ReductStore Extensions
The ReductStore extension system allows you to extend its functionality with custom plugins. These can process data during querying on the storage side. For instance, extensions can be used to manipulate data in columnar formats such as CSV, scale images, search for text in blobs and perform other actions.
This documentation covers the basic concepts of the extension system and explains how to interact with it using query parameters.
Querying with Extensions
Users can interact with the extension system by using the ext
query parameter and the name of the extension in JSON format when querying the data.
The ext
parameter is available in all official ReductStore SDKs, but for the purposes of this example, we will use a JSON request body.
{
"ext": {
"select": {
"columns": [{ "index": 0 }]
}
}
}
This request uses the select
extension to select the first column of the CSV data and return each record with only the first column.

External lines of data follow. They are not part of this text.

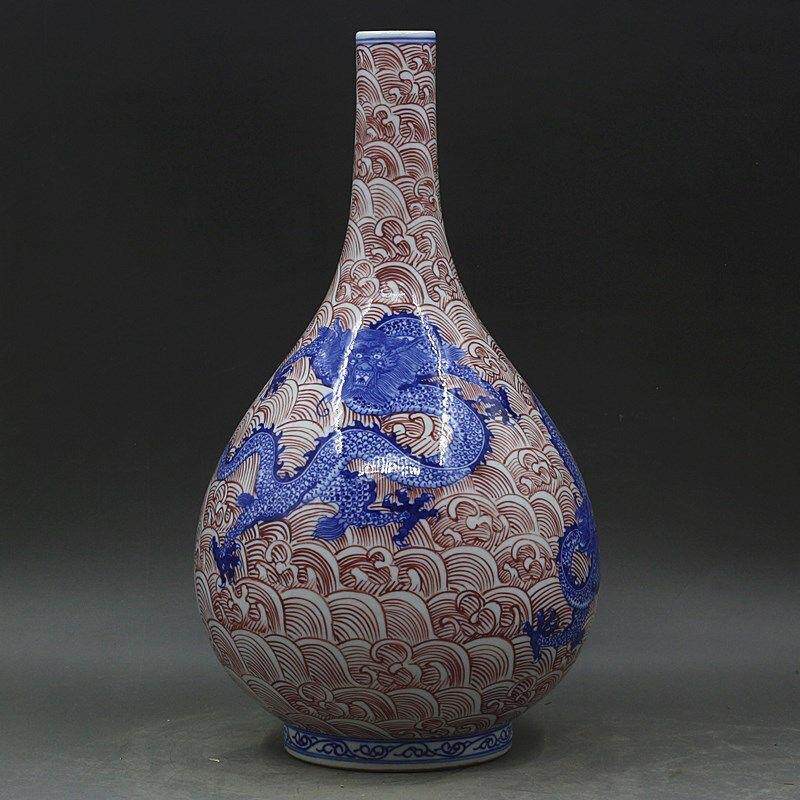 大清乾隆手绘青花釉里红青龙纹胆瓶中式摆件文玩古董仿古瓷器收藏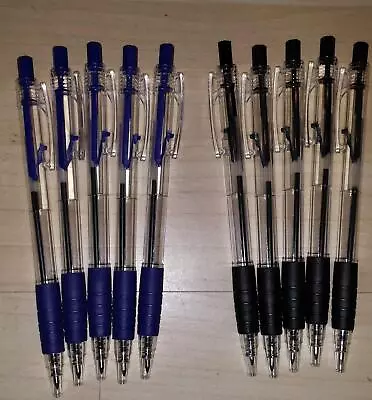 Black Blue Soft Rubber Grip Retractable Ballpoint Pens Office Home Work School • £1.98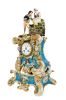 Reloj de sobremesa estilo rococó, Francia, S. XIX. Porcelana.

However, the processing of the data is not the only thing that the extension can do. It can also return computed labels, which can contain the results of the processing or any other data that can be used in the query condition.
{
"ext": {
"select": {
"columns": [{ "index": 0, "as_label": "speed" }]
}
},
"when": {
"@speed": { "$gt": 10 }
}
}
This request uses the select
extension to select the first column of the CSV data and return only the first column for each record.
The when
condition will then filter the records by the value of this column, which is now labelled @speed
.
You should use the @
prefix for the computed labels in the when
condition.
This distinguishes the computed labels from the regular labels that are stored in the database.

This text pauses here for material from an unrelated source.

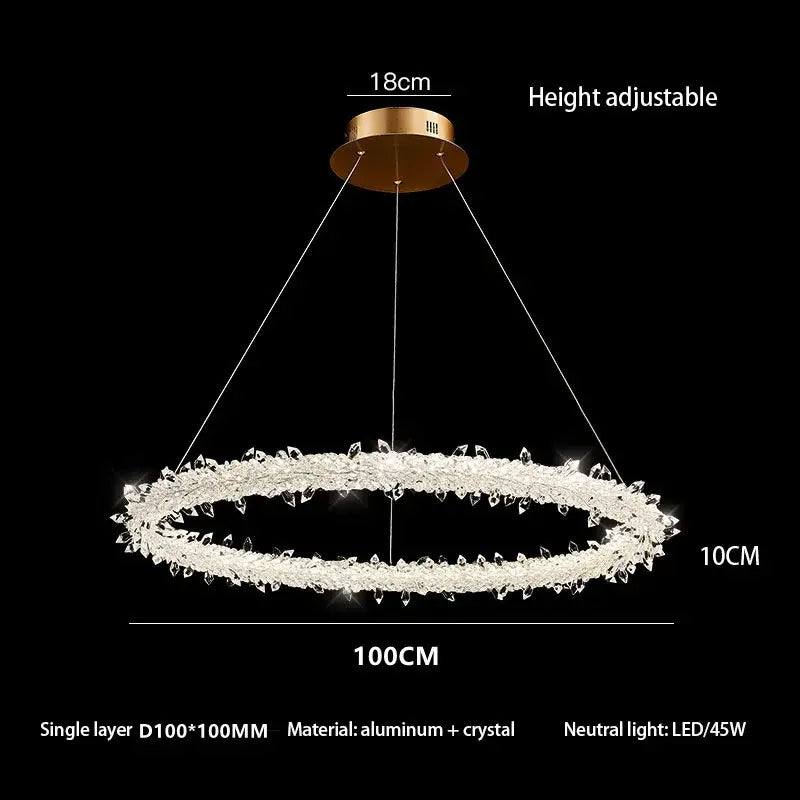 Crystal flower led ring chandelier for dining room lighting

Data Pipeline with Extensions
As you can see from the previous example, the extension can return computed labels that can be used in the query condition.

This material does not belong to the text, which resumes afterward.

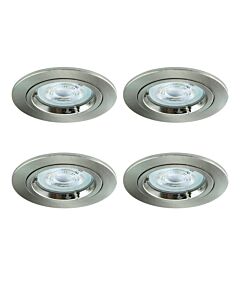 Set of 4 - Brushed Steel GU10 Fixed Recessed Downlights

However, we also use the when
condition to filter records based on their labels before reading their content.
It would be inefficient to read all the records and pass them to the extension for processing, so the storage engine
has two filtering stages: the first stage filters the records based on their labels before passing them to the extension for processing.
The second stage involves filtering the records based on the computed labels after they have been processed by the extension.
Data pipeline with data processing stage for the extension system.
The above diagram shows the data pipeline for the extension system in response to the following query:
{
"ext": {
"select": {
"columns": [{ "index": 0, "as_label": "speed" }]
}
},
"when": {
"&color": { "$eq": "green" },
"@speed": { "$gt": 10 }
}
}
The query engine detects that the when
clause contains a condition with a computed label, @speed
, and ignores it during the data retrieval stage.
The engine filters the data based on the &color
label, and only then reads the record content from the disk and passes it to the extension for processing.
The extension then processes the data and assigns the computed label @speed
to the record, allowing the engine to use it in the second filtering stage.
The pipeline's output is records that match both conditions based on labels and computed labels.
The detection of computed labels occurs recursively within nested conditions. If a nested condition contains a computed label, the entire tree is ignored.